Since your the maker of the pen you get to call it whatever you want, that's the beauty of pen turning.  To each their own! :biggrin:


----------



## jimbob91577 (Jan 4, 2010)

I call them gorgeous!


----------



## mickr (Jan 4, 2010)

jleiwig said:


> I call them both plugged end pens as previously stated, not closed ends.
> 
> Nothing wrong with that if that's what you want to do, but I definitely wouldn't call them close end pens. By definition that is not correct since at one point the end was open and has been filled with a different material.
> 
> Since your the maker of the pen you get to call it whatever you want, that's the beauty of pen turning. To each their own! :biggrin:


  :biggrin:You've have missed  small nit pick here..the brown one done on a closed end mandrel and enough brown was left to inlay a piece without breaking into the drilled cavity for the brass tube..therefore it is not a plug...the blue one is a plug as it is drilled thru to the cavity...difference between the 2 pens is .250 of material ...No customer knows the difference or cares..and again no special madrels, bolt grinding etc....


----------



## mickr (Jan 4, 2010)

jimbob91577 said:


> I call them gorgeous!


  Thanks Jimbo


----------



## mtgrizzly52 (Jan 5, 2010)

I don't care what you call them, they are both beautifully done and I'd be proud to own either one of them. Some times we get too wrapped up in definition and terminology and forget the talent of the person who created such lovely pens.

Rick (mtgrizzly52)


----------



## RAdams (Jan 5, 2010)

They are both nice no doubt. 

But what if you thought of it from the other side. Even though one of these pens was made on a "Closed End Mandrel", They both seem to have a "plug" in the bottom. The customer would have no idea that one is a true closed end and one is plugged. They both APPEAR to be plugged. 


I am a bit confused though. I make ALOT of closed end pens, In fact i would exclusively make closed end if i could sell them all. 

Every closed end pen i make is on a standard 7MM mandrel. I think the bolt shaving technique you speak of is outdated. Since i learned to make closed end pens on the regular mandrel, I have done away with the shaved bolts. You can make pretty much any closed end pen on a mandrel. The "Tactical" pen i just posted is a 10mm tube with a cigar nib. One piece, CLOSED END. I made it with the standard pro mandrel, and a Cigar bushing.  I believe the tutorial is on Don's website but not for sure.


----------



## RAdams (Jan 5, 2010)

FYI:


The 7MM mandrel closed end technique that i use...


Drill a 1/4" hole deep enough for the refill. Drill the tube hole (7MM, 10MM or whatever) deep enough for the tube. Glue the tube and true the blank. Shorten the mandrel to just long enough to go in the 1/4" hole and have room for the bushing in the open end.
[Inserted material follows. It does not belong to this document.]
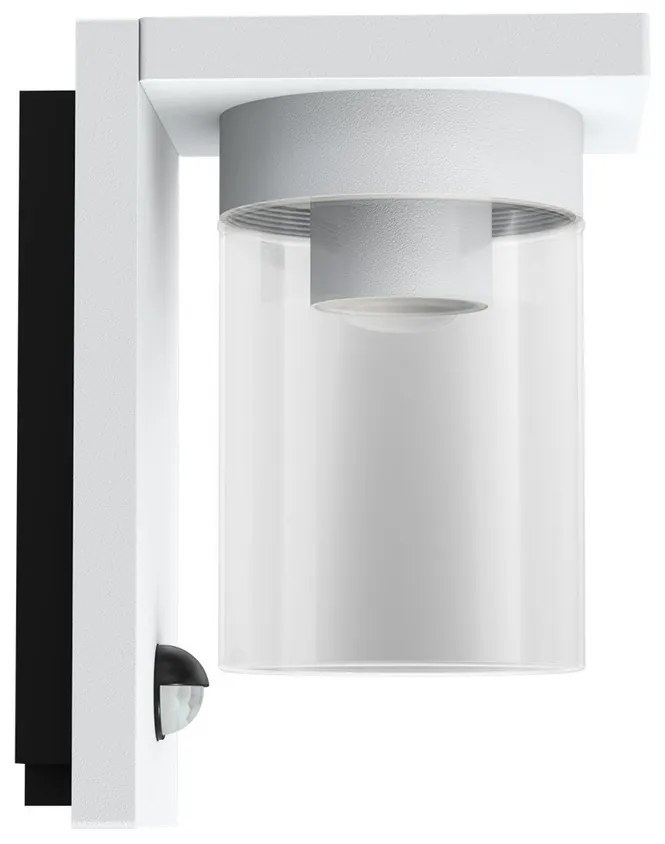 Applique Bianca IP54 con Base E27 e Sensore di Movimento - Serie RIGA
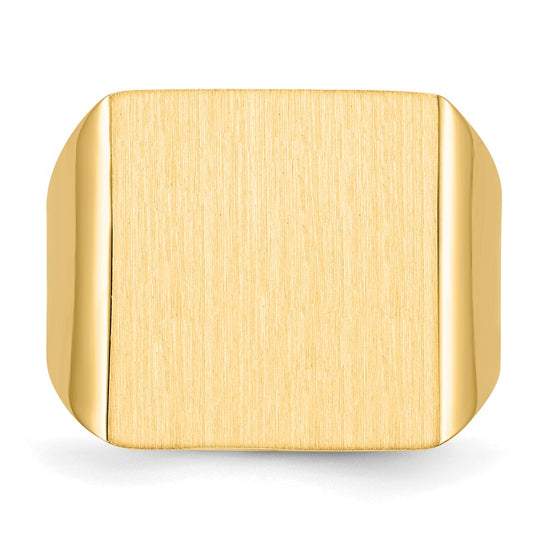Gold Polished Squared Open Back Signet Rings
Pull tailstock up for support. Turn, sand, and finish all but the very end where the tail is at... Tape the sanded barrell to the mandrel and remove the tailstock. Clean up the closed end, sand and polish. Remove, and assemble. 


True closed end pen with no special bolts, mandrels, plugs, or other weird tools. All you need is a mandrel, and bushings!  It is so easy, even I can do it!


----------



## mickr (Jan 5, 2010)

appreciate everyone's imput..The post seems to have taken a turn, but it was a good turn..I was attempting to say a closed end pen could be made in a "new way" than had been shown on this forum..that anyone could make one on a 7mm mandrel..no homemade mandrel.. and not like in Woodturning Design Magazine a couple years ago...I had never seen it done this way & I wanted to "pass a new SIMPLE concept on" I attempted to show a classic closed end (the brown, made on a closed end mandrel, with an inlay in the end to match the cap end) vs. (what we could call) a "plugged closed end"(the blue one)  If one held both in their hands, one could not determine which was which.SO, the method to get there was a "new" method & quite valid... I hope this helps people who just want to make a few closed end pens and not have to invest in closed end mandrels, or homemade wood ones with o-rings, etc...there's many way to skin a cat and this just seemed a new concept on how to do it


----------



## mickr (Jan 5, 2010)

RAdams said:


> FYI:
> 
> 
> The 7MM mandrel closed end technique that i use...
> ...


  I think I understand your method and it seems easy too..why not post this before?  I don't believe it has appeared here, has it?  I think people love closed ends and find that figuring out a way is difficult..you have figured out a way and I have too, so now others can give it a try


----------



## rstought (Jan 5, 2010)

Here is a link to another 7mm mandrel solution:

http://www.penturners.org/forum/showthread.php?t=40199&highlight=Closed+end+pen+mandrel

This is not my idea, but I have used it with great success...


----------



## RAdams (Jan 5, 2010)

mickr said:


> I think I understand your method and it seems easy too..why not post this before? I don't believe it has appeared here, has it? I think people love closed ends and find that figuring out a way is difficult..you have figured out a way and I have too, so now others can give it a try


 


Actually, I learned this technique from here. Don (AKA ItsVirgil (i think)) has it on his website. redriverpens or something similar. I think that is where i learned it anyway.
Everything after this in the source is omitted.